Total grant dollars targeting Latinos in the U.S. between 2007 and 2009, averaged about $206 million per year, while funding for Latin America averaged roughly $350 million per year. Human services (27 percent) and health (26 percent) captured the largest shares of grant dollars awarded for Latinos in the U.S. Of the grants targeting Latin America, Mexico and Brazil received the largest shares, the study concluded.
In a departure from overall giving trends in the United States, corporate foundations dominated the top funder list, capturing six of the top 10 slots. Topping the list was New Jersey–based Johnson & Johnson Family of Companies Contribution Fund, awarding $1.2 million; California–based Amgen Foundation, distributing $1.2 million; and New York–based Citi Foundation, giving $702,500.
The largest grant awarded by a corporate foundation during the two-year period was a $251,859 award from the Amgen Foundation to the University of Puerto Rico for the Amgen Bruce-Wallace program, which helps deliver biotechnology to high school students in Puerto Rico.
Meanwhile, the report also notes that nine nonprofits made out with the lion’s share of the funding. The Angel Ramos Foundation awarded $9.8 million in grants from 2007 to 2009, more than eight times the amount awarded by the top U.S.–based funder.

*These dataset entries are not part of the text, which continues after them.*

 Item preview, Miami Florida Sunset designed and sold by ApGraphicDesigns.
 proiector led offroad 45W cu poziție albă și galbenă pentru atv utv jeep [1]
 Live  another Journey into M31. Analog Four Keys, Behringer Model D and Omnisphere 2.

The Banco Popular Foundation came in second, receiving more than $7 million, while the Puerto Rico Community Foundation rounded out the top three beneficiaries, with a little more than $4 million in awards. The other organizations that also benefited were: the FNZ Foundation, with $2.6 million; the Davis-Villamil Family Foundation, with a little more than $1 million; the Flamboyán Foundation, with $942,000; the Unanue López Family Foundation, with $831,258; the Harvey Foundation, with $275,500; and the Miranda Foundation, with $120,356.

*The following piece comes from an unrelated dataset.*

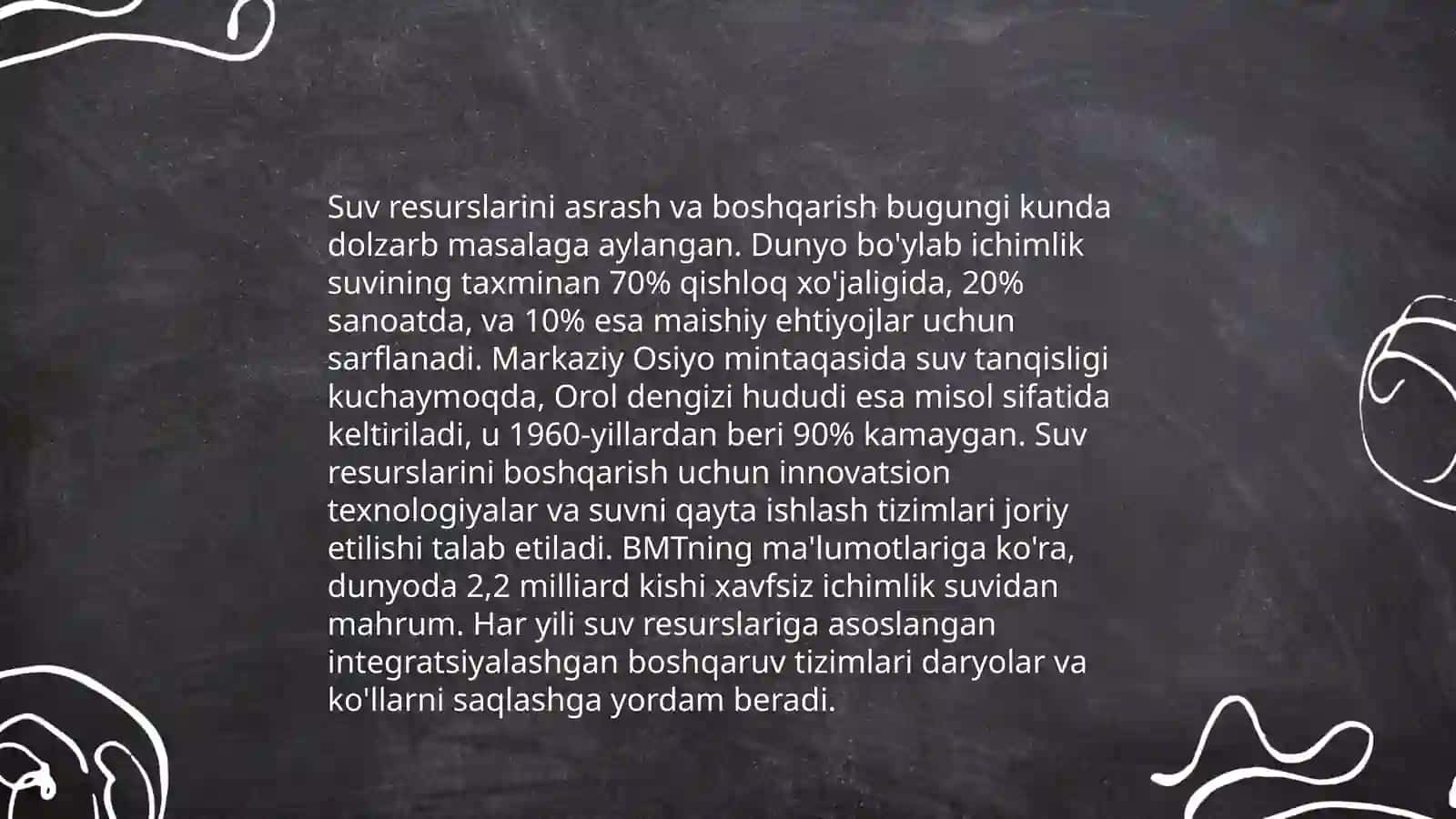 Ekologiya va tabiatni asrash 4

The results of the comprehensive study were unveiled during a gathering last week, when Puerto Rico Community Foundation President Nelson I. Colón-Tarrats said the study shows the capacity the island has had to increase philanthropic investment.Puerto Rico Community Foundation President Nelson I. Colón-Tarrats
“I’m proud that we were able to present this important study in Puerto Rico, not only because we represent an important group within the Latino community in the United States, but because we are a strategic bridge between the U.S. mainland and Latin America,” he said. “Furthermore, the study demonstrates the ability we had in Puerto Rico to increase philanthropic investment during the period.”
Windfall for Latin American region
The foundations sampled in the study awarded 4,649 grants totaling more than $1 billion targeting Latin America between 2007 and 2009, the study revealed.

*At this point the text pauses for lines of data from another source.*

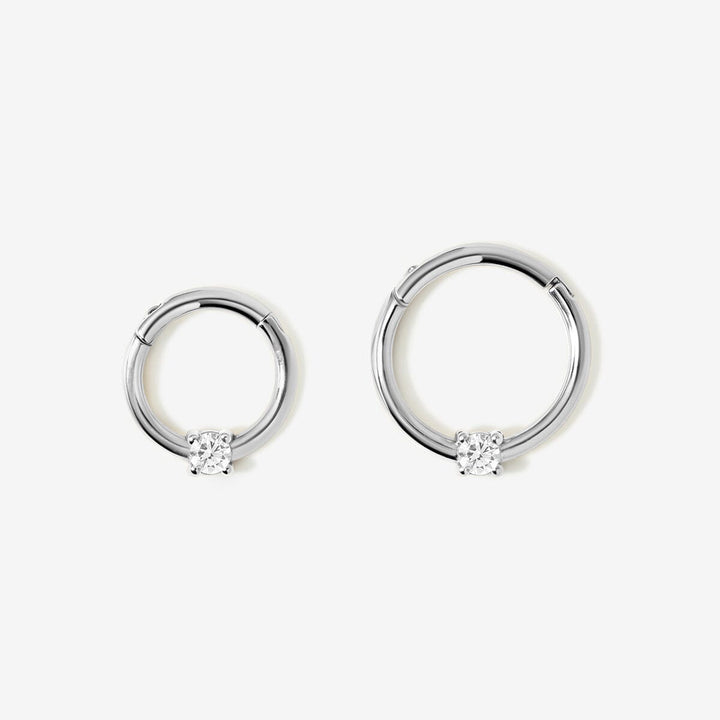 Rhys diamond clicker hoop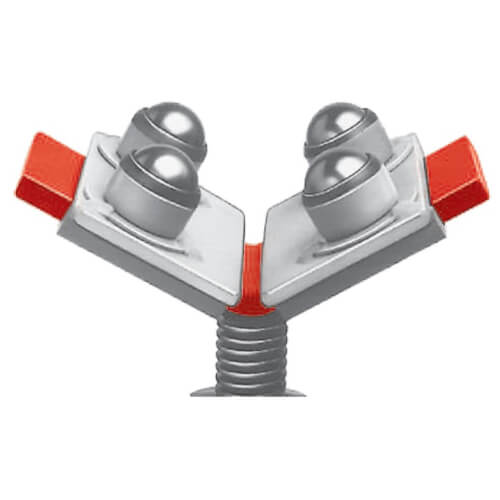 Toledo Pipe 37997 Ball Transfer Head Pair - For RIDGID & Sumner V-Head Pipe Stands, 12" Capacity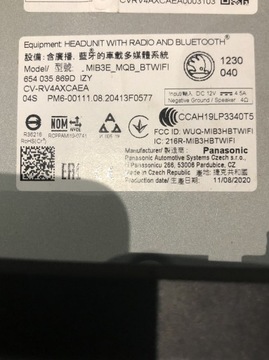 SKODA SCALA KAMIQ РАДИО MIB3E DAB 654035869D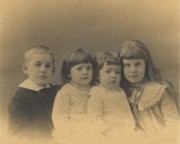 1884~ Children of Albert & Sarah Stevens - Robert, Sarah, Albert & Grace.jpg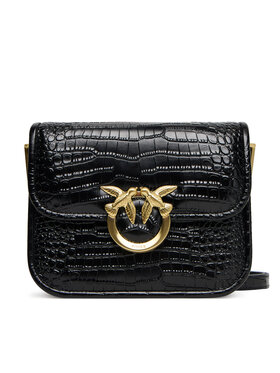 PINKO Kabelka PINKO Love Box Bag Fl Mini AI 25-26 PLTT 104297 A2OH Čierna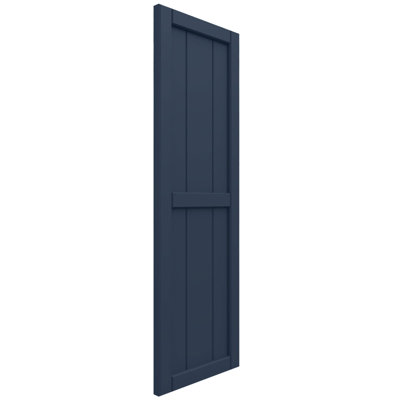L 21 1/2 po x H 105 po en composite EnduraCore, quatre planches encadrées avec planches et noisettes, bleu nuit sans étoile (par paire - quincaillerie non incluse)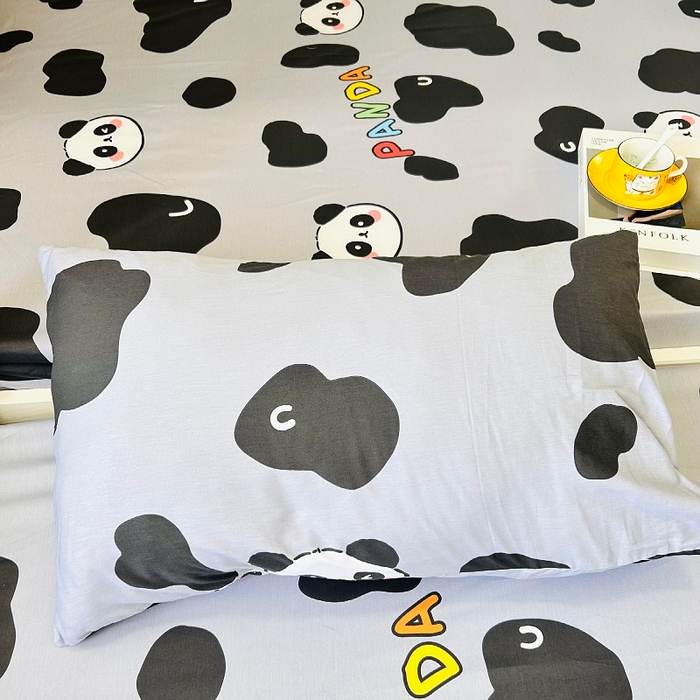 91家纺网 家纺一手货源 找家纺 小虾米 2023新款卡通系列全棉床笠（可定制）熊猫宝贝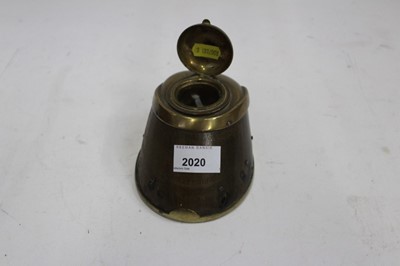 Lot 2020 - Victorian horse hoof inkwell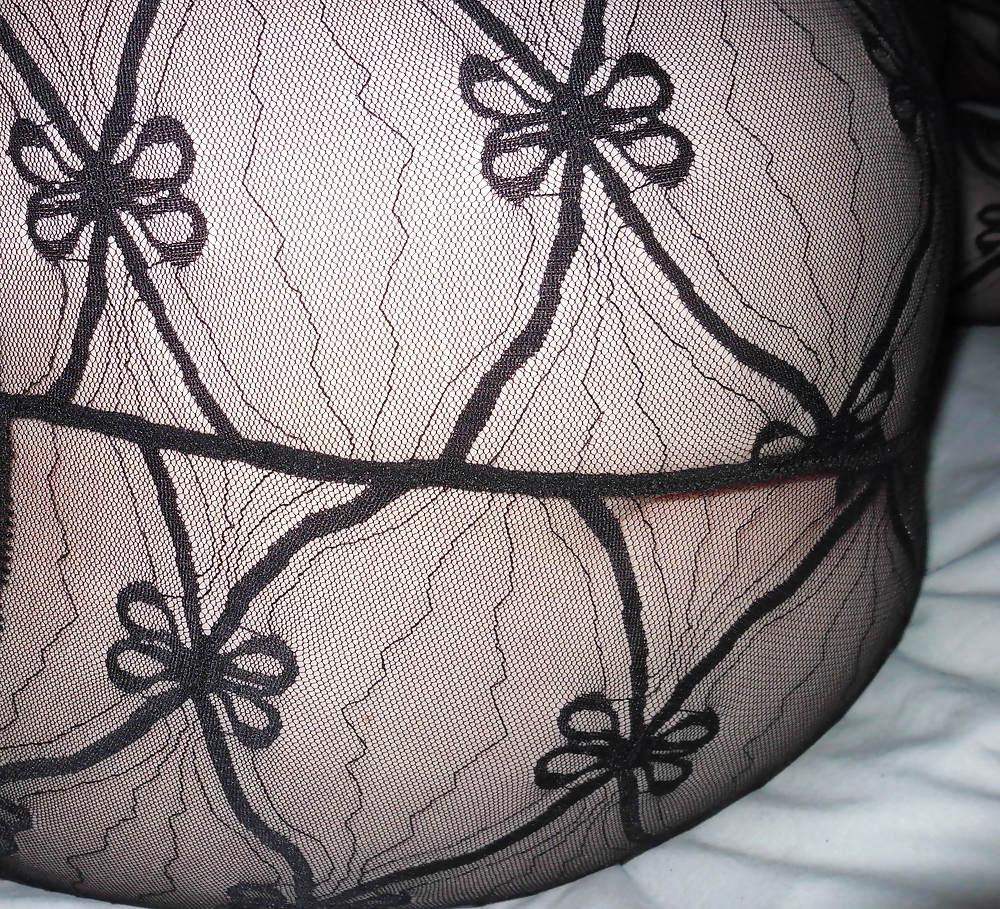 25P My Redhead in her new bodystocking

The region’s top 10 funders provided 77 percent, or $805.4 million, of grant dollars awarded for Latin America. Among the top funders were the Washington State–based Bill & Melinda Gates Foundation, distributing $228.9 million; California–based Gordon and Betty Moore Foundation, awarding $167.2 million; and New York–based Ford Foundation, allocating $151.6 million.
“The largest grant awarded for Latin America during this time was a $50 million grant from the Gates Foundation to the DC–based Inter-American Development Bank to support the adoption and scale-up of proven cost-effective interventions in maternal, neonatal, and reproductive health, nutrition, and immunization to improve the health of the poorest women and children in Mesoamerica,” the study concluded.